I’ve been mulling lately about the line between fantasy and reality in BDSM romances. I’ve generally tried to stay realistic, and part of what I mean by that is that play in my books is usually very safe, sane, and consensual. The relationships develop a bit fast, because of the limitations of a book, but even in the two books I wrote with vampires everyone has a safe word. The Doms are Doms you might meet in a club, or at a play party. They feel like people I know -- not like any individual, but they’d fit in with people I’ve met in the BDSM scene. A few reviewers have called my books good introductory BDSM books, and I’m pleased by that. There’s at least more good information in them than misinformation.

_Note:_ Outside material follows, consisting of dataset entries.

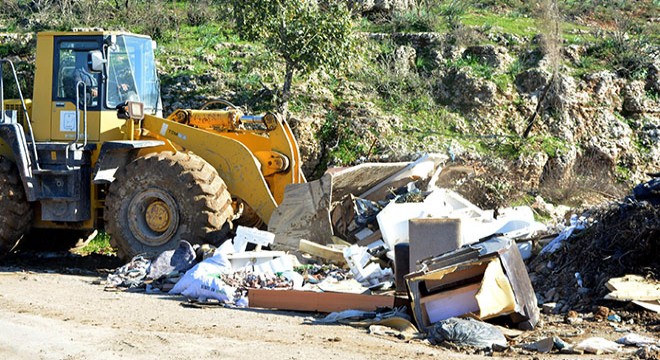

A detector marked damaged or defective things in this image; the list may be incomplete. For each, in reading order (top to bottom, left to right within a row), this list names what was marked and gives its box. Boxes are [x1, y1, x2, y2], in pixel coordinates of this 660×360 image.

broken wooden plank [246, 288, 392, 314]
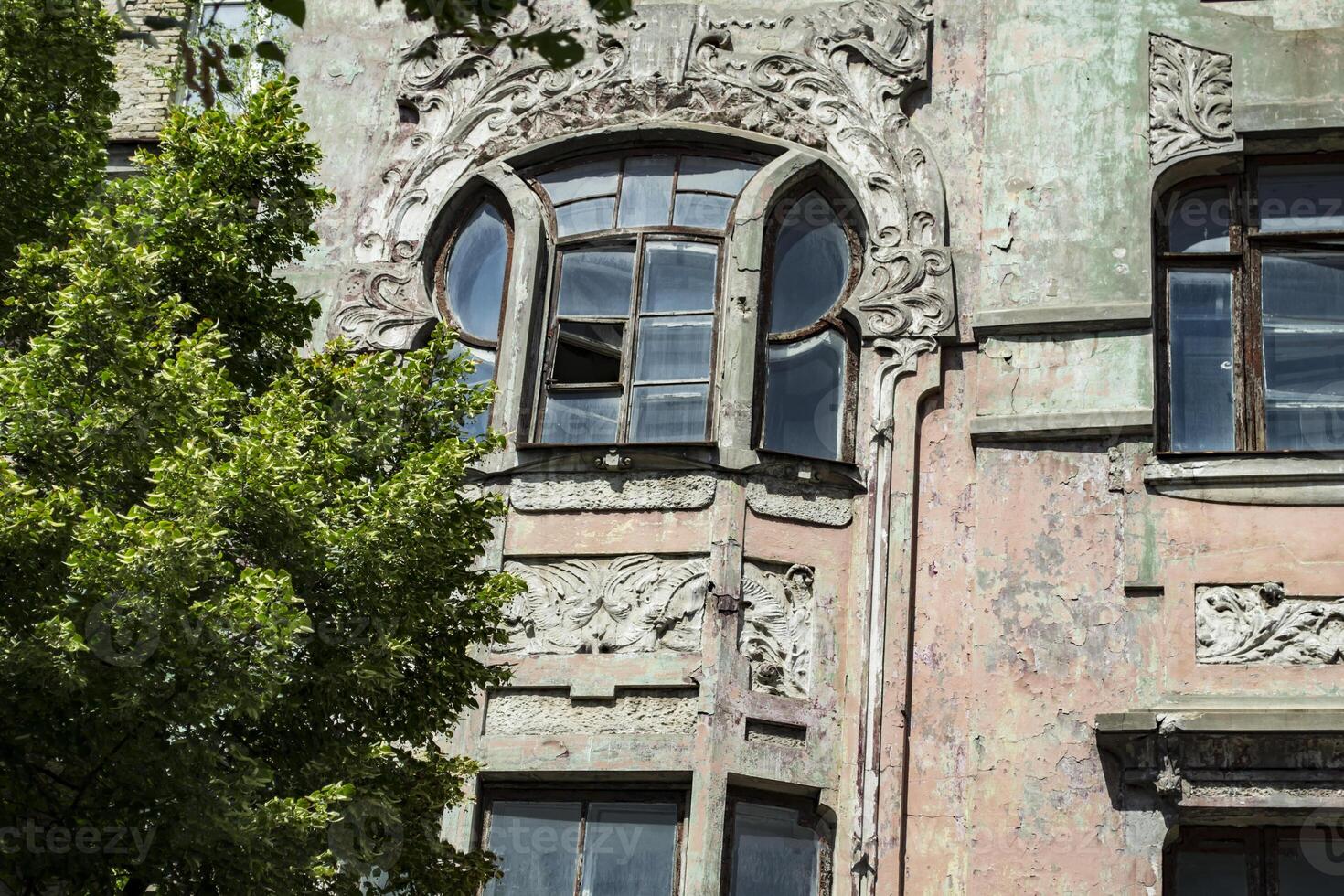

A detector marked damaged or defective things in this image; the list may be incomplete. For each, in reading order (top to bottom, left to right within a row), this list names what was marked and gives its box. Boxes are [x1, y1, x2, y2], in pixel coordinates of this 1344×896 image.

rusty metal frame [1150, 154, 1344, 456]
rusty metal frame [473, 784, 688, 896]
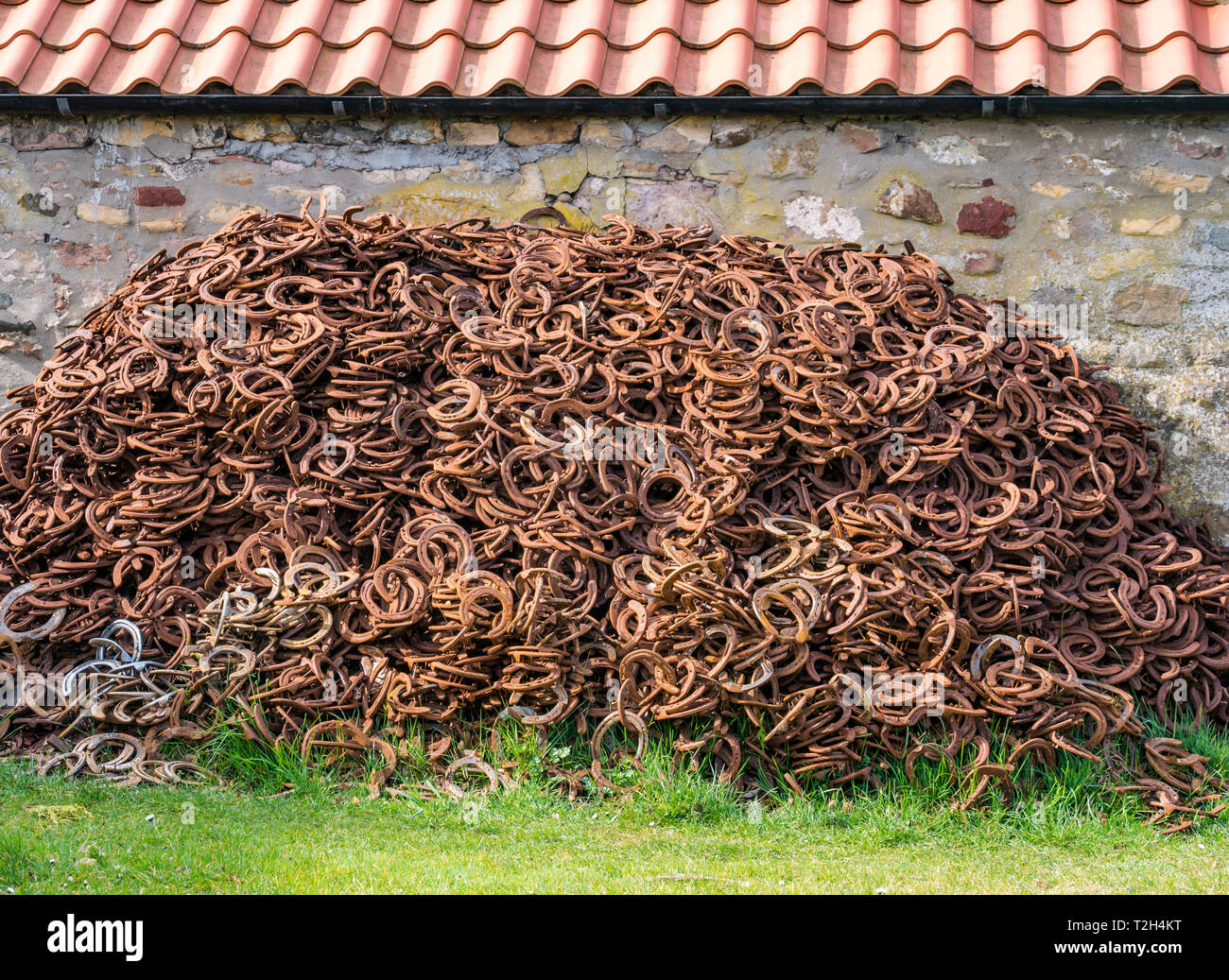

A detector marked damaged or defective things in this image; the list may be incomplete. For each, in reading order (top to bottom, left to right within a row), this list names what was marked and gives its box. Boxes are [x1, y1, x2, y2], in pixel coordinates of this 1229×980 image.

pile of rusty horseshoes [0, 205, 1223, 830]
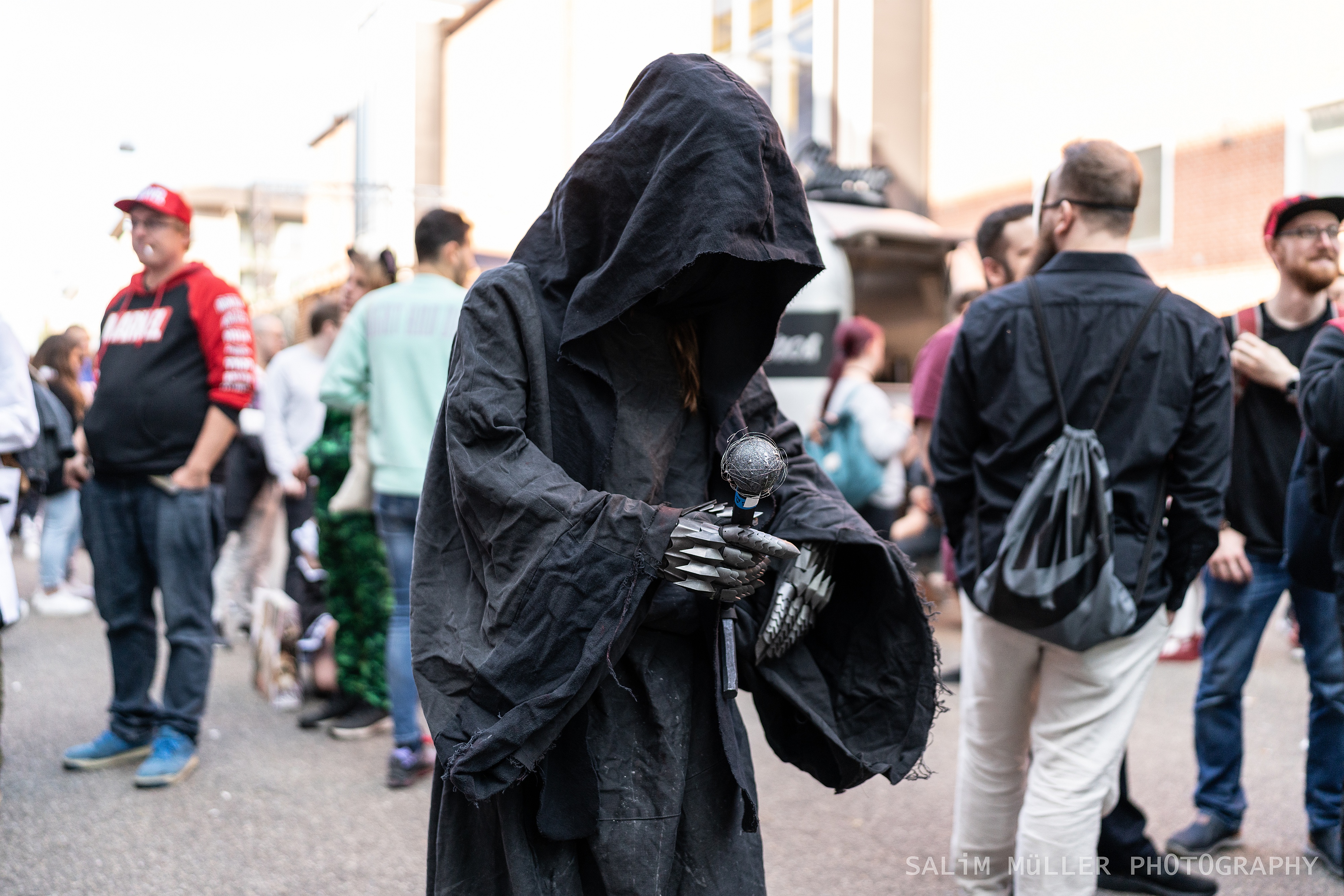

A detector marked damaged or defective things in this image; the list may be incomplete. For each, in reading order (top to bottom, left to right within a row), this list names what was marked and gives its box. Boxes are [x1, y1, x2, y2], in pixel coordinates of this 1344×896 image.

tattered black cloak [409, 53, 935, 892]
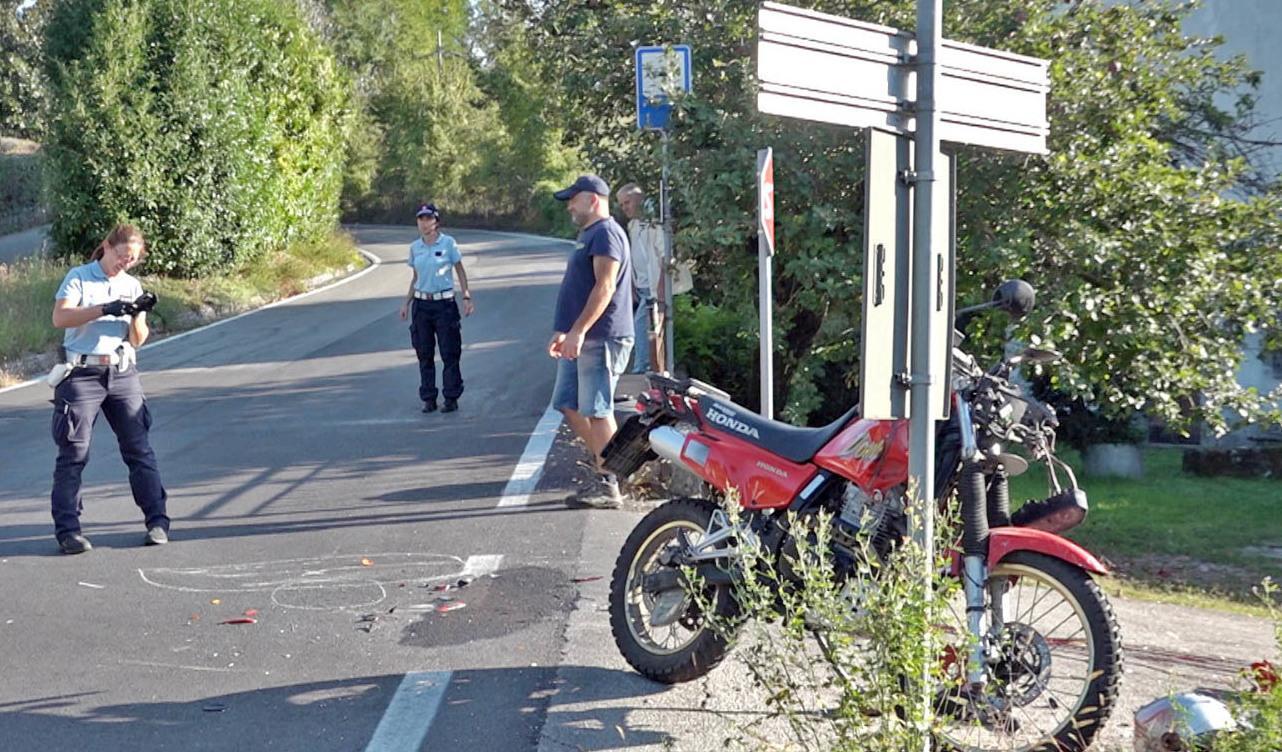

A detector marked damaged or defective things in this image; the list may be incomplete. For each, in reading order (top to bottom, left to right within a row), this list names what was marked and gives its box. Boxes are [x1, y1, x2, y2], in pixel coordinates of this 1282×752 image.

My next book coming out doesn’t really fit that mode. It’s a ménage, and that alone doesn’t necessarily cross the line. I have seen relationships with more than two people work. I don’t remember seeing a relationship with two dominants and one sub work past a scene or two, but I wouldn’t rule that out. However, my dominants are twins, and that, from my point of view, is verging into pure fantasy territory. But it’s hot, and it lets me do some fun things with the plot. The book coming out after that is a fantasy in the Lord of the Rings sense, so the hero doesn’t come from the kind of society that can debate the virtues of SSC vs. RACK. Or safe sex. If anyone is getting their ideas about what BDSM is like from those two books -- well, hopefully people won’t take them that seriously, and just enjoy what I hope is a pleasurable ride.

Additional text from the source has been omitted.